These are the key concepts you need to understand to accurately answer the question.

Understanding Negative Exponents
Negative exponents can seem a bit intimidating at first, but they’re quite simple once you get the hang of them. Essentially, a negative exponent means you need to take the reciprocal of what you have. So, if you see an expression like \(a^{-n}\), that’s the same as saying \(\frac{1}{a^n}\). This is a very useful transformation to understand because it allows us to rewrite expressions without negative exponents, making them easier to work with and understand.
  • For example, if we have \(y^{-3}\), this is equivalent to \(\frac{1}{y^{3}}\).
  • Similarly, \(z^{-2}\) becomes \(\frac{1}{z^{2}}\).
Remember, when you encounter negative exponents, just flip the base to the denominator with the positive exponent, and you'll be on the right track!
Simplifying Expressions with Exponents
Simplifying expressions with exponents involves combining like terms and using the rules of exponents to make expressions as simple as possible.
Let’s look at an example to understand this better.
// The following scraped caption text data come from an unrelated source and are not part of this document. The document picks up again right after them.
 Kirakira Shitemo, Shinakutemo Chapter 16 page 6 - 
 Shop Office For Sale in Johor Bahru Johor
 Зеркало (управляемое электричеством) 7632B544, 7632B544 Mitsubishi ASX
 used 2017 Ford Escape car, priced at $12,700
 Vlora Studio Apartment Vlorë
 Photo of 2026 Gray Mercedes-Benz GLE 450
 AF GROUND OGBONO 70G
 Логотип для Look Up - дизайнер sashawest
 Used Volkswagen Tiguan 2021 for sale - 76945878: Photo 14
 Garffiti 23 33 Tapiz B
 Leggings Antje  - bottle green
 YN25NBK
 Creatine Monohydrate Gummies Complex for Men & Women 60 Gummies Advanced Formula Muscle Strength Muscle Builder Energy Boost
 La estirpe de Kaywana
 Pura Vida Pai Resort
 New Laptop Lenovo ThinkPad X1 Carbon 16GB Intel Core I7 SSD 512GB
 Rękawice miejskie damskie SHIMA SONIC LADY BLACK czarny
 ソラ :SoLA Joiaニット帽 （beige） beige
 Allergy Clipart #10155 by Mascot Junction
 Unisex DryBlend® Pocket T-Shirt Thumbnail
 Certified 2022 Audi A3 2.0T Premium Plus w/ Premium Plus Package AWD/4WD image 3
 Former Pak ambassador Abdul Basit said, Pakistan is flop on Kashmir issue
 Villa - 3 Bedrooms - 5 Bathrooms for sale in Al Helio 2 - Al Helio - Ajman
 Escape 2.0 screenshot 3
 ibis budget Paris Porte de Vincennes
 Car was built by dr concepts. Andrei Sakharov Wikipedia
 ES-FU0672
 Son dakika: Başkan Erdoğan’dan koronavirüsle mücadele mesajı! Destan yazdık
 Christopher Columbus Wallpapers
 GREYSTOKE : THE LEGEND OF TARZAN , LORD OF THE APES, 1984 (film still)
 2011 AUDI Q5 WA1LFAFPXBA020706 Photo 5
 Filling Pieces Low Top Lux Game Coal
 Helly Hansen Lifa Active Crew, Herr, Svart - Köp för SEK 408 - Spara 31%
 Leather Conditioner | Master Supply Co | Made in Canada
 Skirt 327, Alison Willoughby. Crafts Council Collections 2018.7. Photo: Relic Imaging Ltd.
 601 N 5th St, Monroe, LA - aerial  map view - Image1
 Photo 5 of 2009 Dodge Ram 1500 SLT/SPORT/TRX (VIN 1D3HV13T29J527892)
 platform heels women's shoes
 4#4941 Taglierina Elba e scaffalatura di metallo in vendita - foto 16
If you see something like \(y^{2} \cdot y^{-5}\), you might feel a little lost at first. But remember, when you multiply terms that have the same base, you simply add the exponents together.
  • For \(y^{2} \cdot y^{-5}\), the exponents are \(2\) and \(-5\), added together to get \(2 + (-5) = -3\).
  • This gives us \(y^{-3}\), which we then rewrite as \(\frac{1}{y^{3}}\) by using the rule we just talked about for negative exponents.
By following these steps, you'll be able to simplify parts of expressions easily and rewrite them in their most straightforward form.
The Rules of Exponents
Mastering the rules of exponents is crucial for solving problems involving expressions with powers. Here are some key rules you should always keep in mind when working with exponents:
  • Multiplication of Same Base: When multiplying expressions with the same base, add the exponents: \(a^{m} \cdot a^{n} = a^{m+n}\). This is what we used earlier with \(y^{2} \cdot y^{-5}\).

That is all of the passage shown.